OpenAI introduces three modern AI voice fashions tailor-made for real-time duties like reasoning, translation, and transcription. These instruments empower builders to construct superior voice-enabled functions.
Enhanced Voice Interplay in AI Apps
Common customers of ChatGPT already take pleasure in voice interactions alongside textual content inputs. The newest fashions broaden this functionality, focusing on developer integration to create seamless voice experiences.
OpenAI states these fashions “unlock a brand new class of voice apps for builders.” Builders leverage them for process execution, scenario explanations like journey delays, and pure conversations in native languages.
The Three New Voice Fashions
- GPT-Realtime-2: Delivers GPT-5-class reasoning for advanced requests and fluid conversations. It checks a number of sources, adapts tone to consumer enter, employs superior reasoning, and handles specialised phrases in fields like healthcare.
- GPT-Realtime-Translate: Supplies stay translation from over 70 enter languages into 13 output languages, matching the speaker’s tempo with out delays.
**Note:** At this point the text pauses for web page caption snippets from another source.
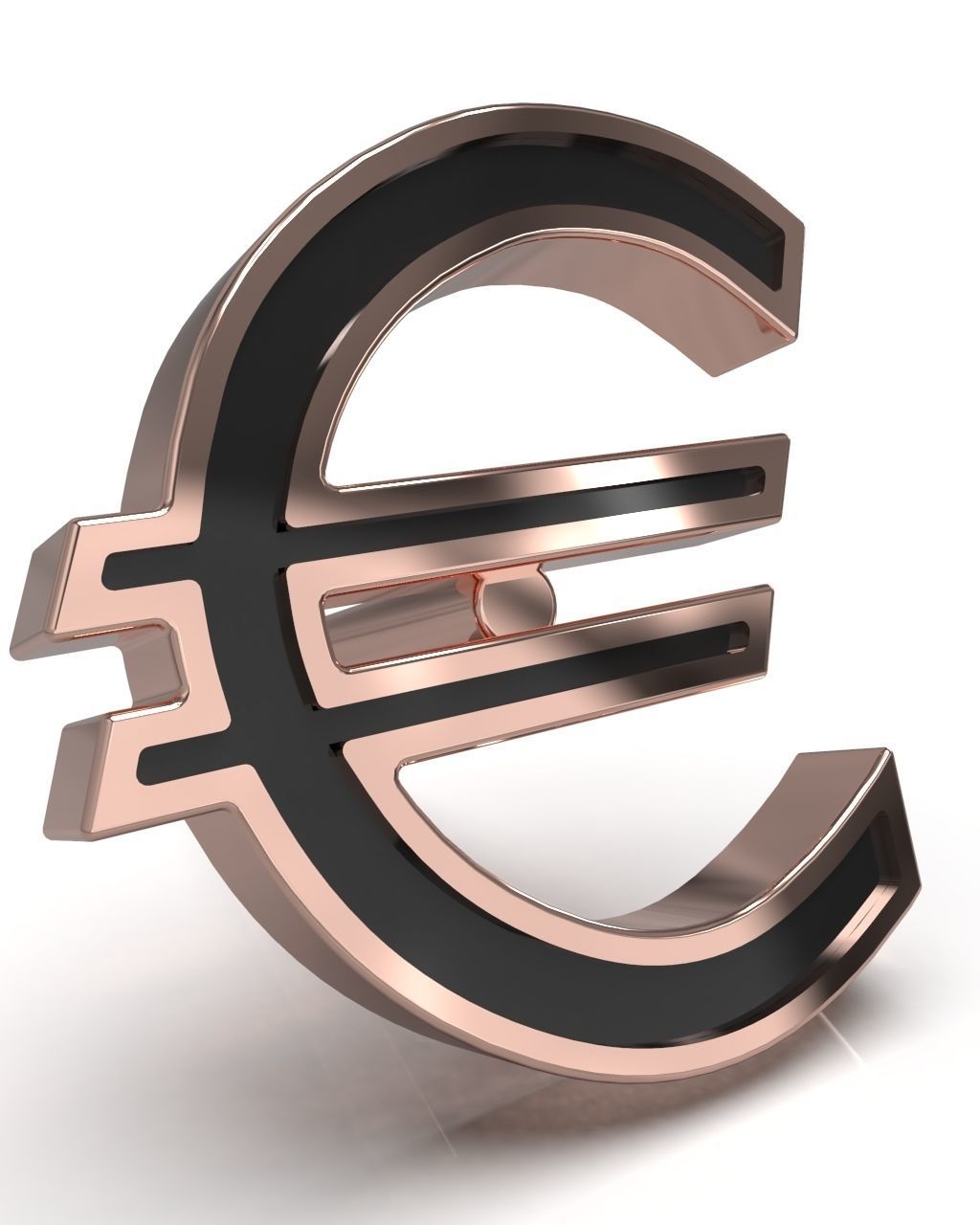 Euro symbol stud earring enamel ready 3D print model_6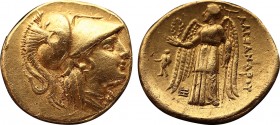 Macedon, Kings of. Alexander III. 336-323 BC. AV Stater (8.52 gm 18,7mm ). Abydos mint. Struck circa 328-323 BC. Helmeted head of Athena right / AΛEΞA...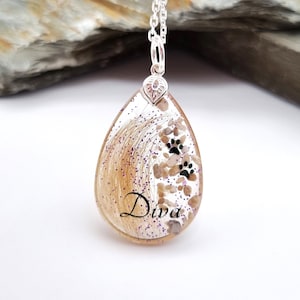 Beautiful teardrop ashes and fur necklace, Pear shaped memorial locket with paw prints, Personalised cremation urn pendant, Pet loss jewelry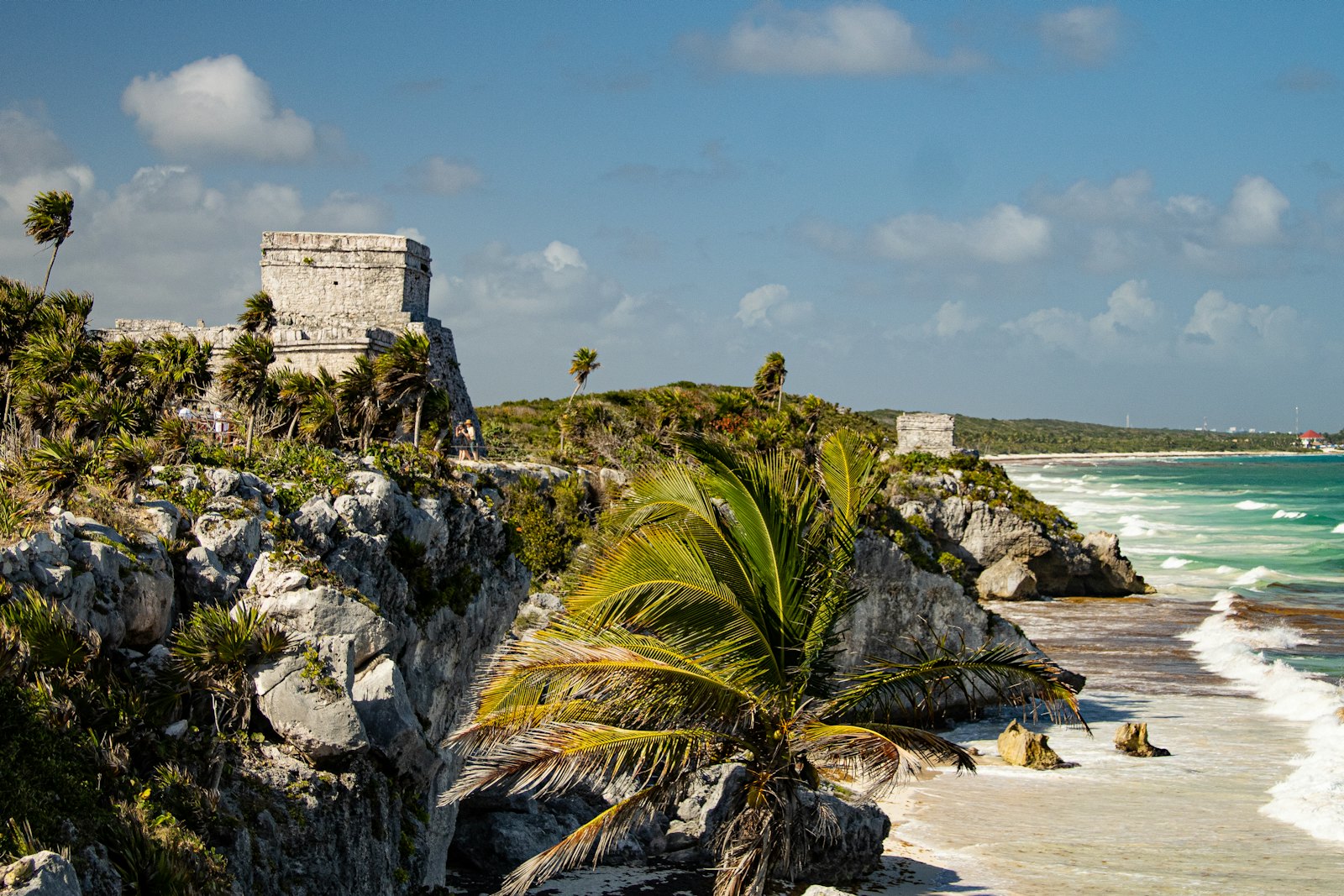 Tulum Mayan ruins on the cliff above the Caribbean beach
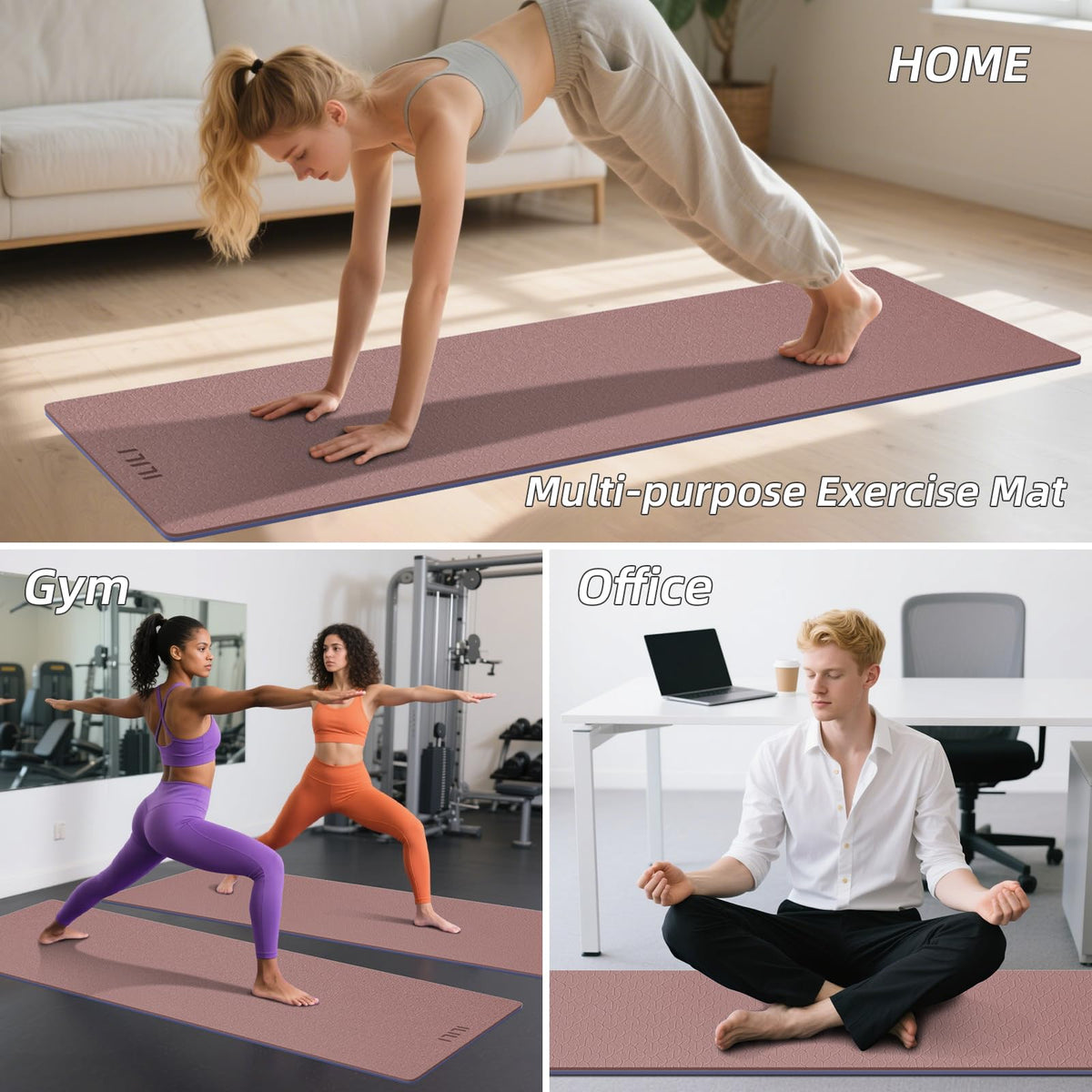 Yoga Mat 10mm Extra Thick and 193cm Extra Long (Dark Pink+Dark Grey)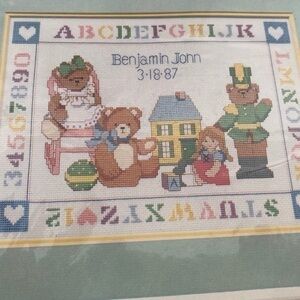Vintage Dimensions teddy bear cross stitch baby birth record kit for nur…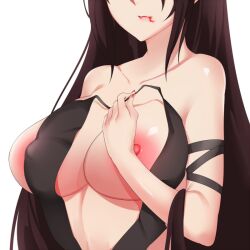 bare_shoulders black_dress black_hair blood blood_from_mouth breast_focus breasts center_opening dress fate/grand_order fate_(series) female head_out_of_frame large_areolae large_breasts long_hair nail_polish nipple_slip nipples pink_lips revealing_clothes solo strap_slip strapless strapless_dress toki_to_shishin upper_body very_long_hair white_background yu_mei-ren_(fate)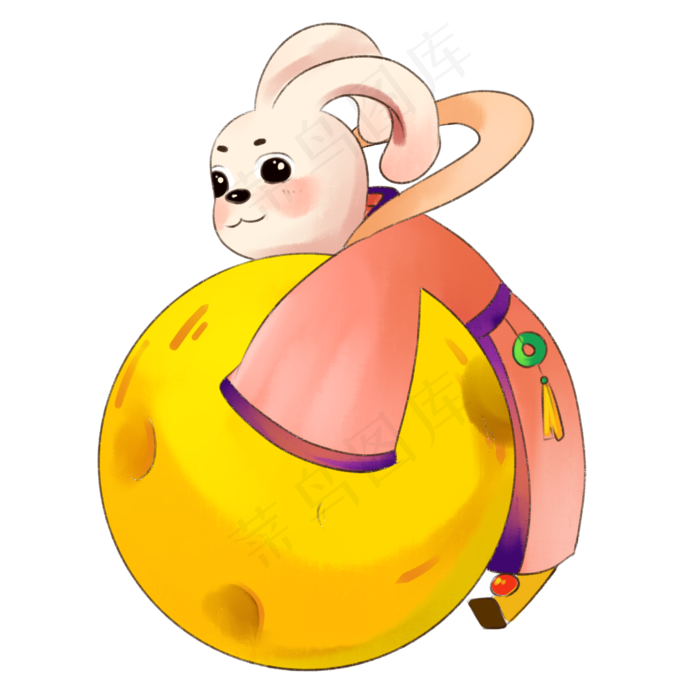 中秋节可爱玉兔拟人趴在月亮上P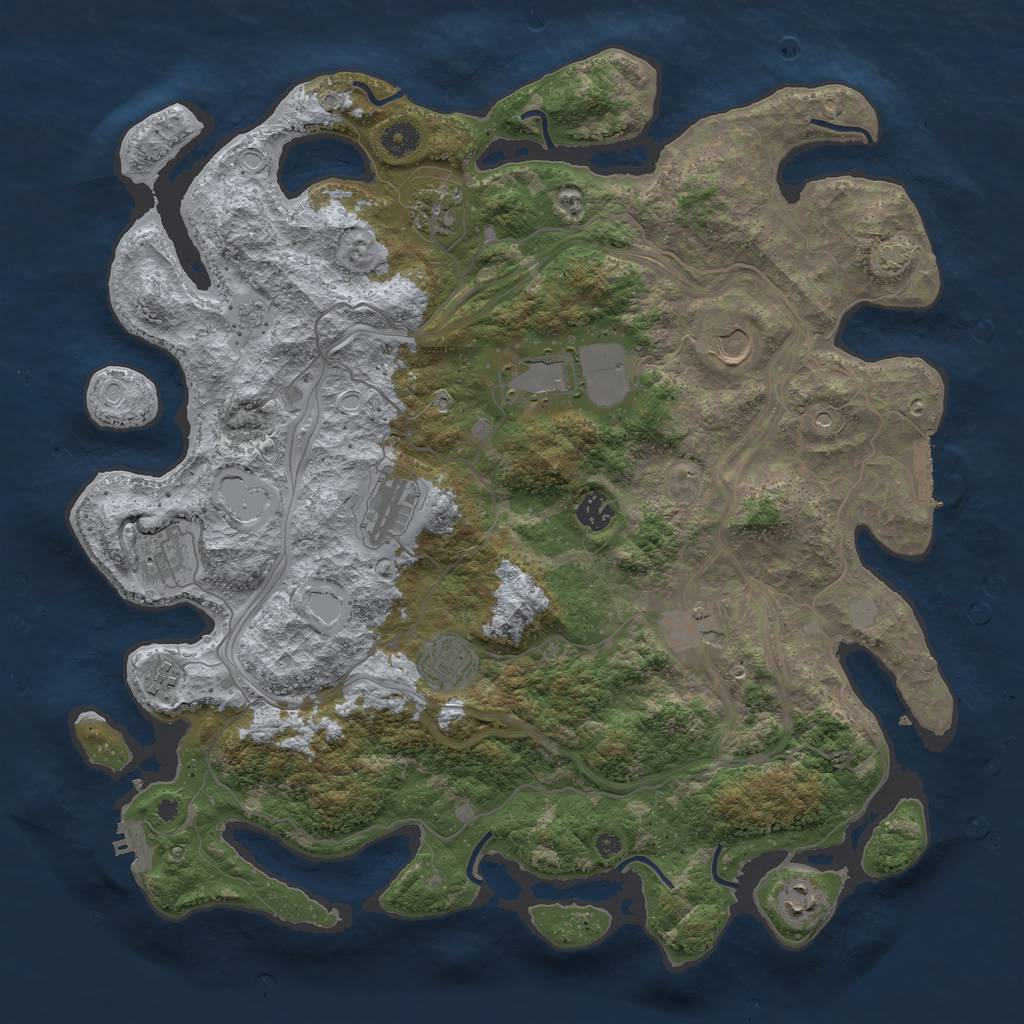 Rust Map: Procedural Map, Size: 4250, Seed: 1287881944, 18 Monuments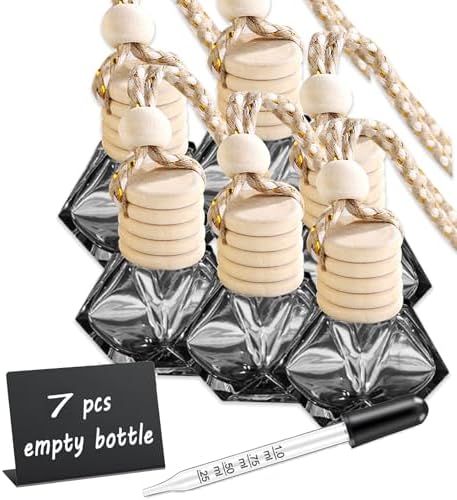 7 Pcs 8ml Hanging Car Air Freshener Diffuser,Empty Black Gradient Glass Essential Diffuser Oil Aromatherapy Fragrance Perfume Pendant Glass Vials with Wooden Caps (Diamond, 8ml) by MINELEVEN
- GPT-Realtime-Whisper: Affords streaming speech-to-text transcription in actual time, excellent for stay captions, assembly notes, and summaries to make merchandise really feel responsive and pure.
Pricing and Availability
All fashions combine by way of OpenAI’s Realtime API. Pricing contains:
- GPT-Realtime-2: $32 per million enter tokens, $64 per million output tokens.
- GPT-Realtime-Translate: $0.034 per minute.
- GPT-Realtime-Whisper: $0.017 per minute.
Builders can take a look at them in OpenAI’s Playground. A devoted immediate permits GPT-Realtime-2 integration with Codex for agentic coding.